L’assassinat atroce d’Axelle Dorier, il y a cinq ans, n’est pas un simple fait divers et encore moins un accident de la route. La condamnation, l’année dernière, des coupables scandalise toujours par la relative légèreté des peines et interroge sur une possible «préférence diversitaire» qui s’exprime à travers certains verdicts de la justice. Tribune.
Le 18 juillet 2020, à Lyon, Axelle Dorier, 22 ans, meurt traînée sur plus de 800 mètres par une voiture. Elle avait simplement tenté de faire valoir ses droits, après que le conducteur d’une Golf a percuté son chien. Une altercation s’ensuit, brève. Puis le conducteur redémarre brutalement. Axelle est happée, traînée, déchiquetée. Elle décède dans des conditions que la presse, pudiquement, évite de décrire.
Le 12 juillet 2024, quatre ans plus tard, le verdict tombe : 12 ans de réclusion criminelle pour Youcef Tebbal, reconnu coupable de violences volontaires avec arme ayant entraîné la mort sans intention de la donner. Le passager, Mohamed-Amine Yelloule, écope de 5 ans de prison, dont 3 avec sursis.
Pas de meurtre. Pas d’intention de tuer. La justice a retenu l’impulsivité, l’instant de panique, la perte de contrôle. Le crime devient alors une suite de « violences mal maîtrisées » et non une volonté de nuire.
Mais pour beaucoup de citoyens, ce verdict ne passe pas.
Pas seulement en raison de la peine – jugée trop légère pour un acte d’une telle sauvagerie – mais à cause du décalage croissant entre la gravité des faits et le traitement judiciaire lorsqu’il s’agit de certains profils ethniques ou culturels.
Justice : deux poids, deux mesures ?
Il faut poser les mots : de plus en plus de citoyens ont le sentiment qu’en France, l’origine de l’auteur compte autant que l’acte commis.

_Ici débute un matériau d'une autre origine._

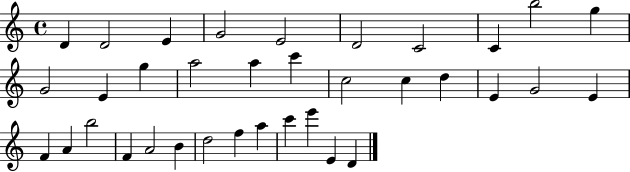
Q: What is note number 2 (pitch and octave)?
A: D4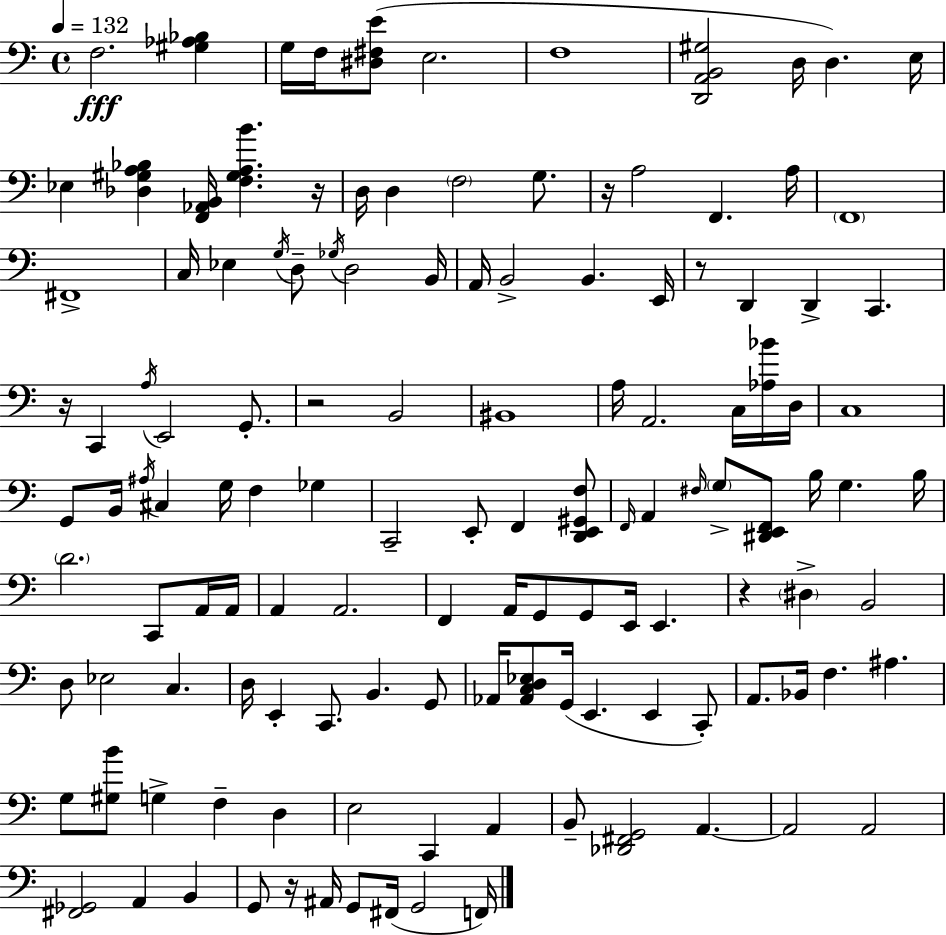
X:1
T:Untitled
M:4/4
L:1/4
K:C
F,2 [^G,_A,_B,] G,/4 F,/4 [^D,^F,E]/2 E,2 F,4 [D,,A,,B,,^G,]2 D,/4 D, E,/4 _E, [_D,^G,A,_B,] [F,,_A,,B,,]/4 [F,^G,A,B] z/4 D,/4 D, F,2 G,/2 z/4 A,2 F,, A,/4 F,,4 ^F,,4 C,/4 _E, G,/4 D,/2 _G,/4 D,2 B,,/4 A,,/4 B,,2 B,, E,,/4 z/2 D,, D,, C,, z/4 C,, A,/4 E,,2 G,,/2 z2 B,,2 ^B,,4 A,/4 A,,2 C,/4 [_A,_B]/4 D,/4 C,4 G,,/2 B,,/4 ^A,/4 ^C, G,/4 F, _G, C,,2 E,,/2 F,, [D,,E,,^G,,F,]/2 F,,/4 A,, ^F,/4 G,/2 [^D,,E,,F,,]/2 B,/4 G, B,/4 D2 C,,/2 A,,/4 A,,/4 A,, A,,2 F,, A,,/4 G,,/2 G,,/2 E,,/4 E,, z ^D, B,,2 D,/2 _E,2 C, D,/4 E,, C,,/2 B,, G,,/2 _A,,/4 [_A,,C,D,_E,]/2 G,,/4 E,, E,, C,,/2 A,,/2 _B,,/4 F, ^A, G,/2 [^G,B]/2 G, F, D, E,2 C,, A,, B,,/2 [_D,,^F,,G,,]2 A,, A,,2 A,,2 [^F,,_G,,]2 A,, B,, G,,/2 z/4 ^A,,/4 G,,/2 ^F,,/4 G,,2 F,,/4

Quand le prévenu est Français d’origine étrangère, et en particulier maghrébine, l’appareil judiciaire semble gagner en prudence, en nuance, en indulgence. On parle alors de parcours difficile, de discrimination subie, d’intégration ratée, de fragilité sociale. Une grille de lecture compassionnelle se superpose à l’acte.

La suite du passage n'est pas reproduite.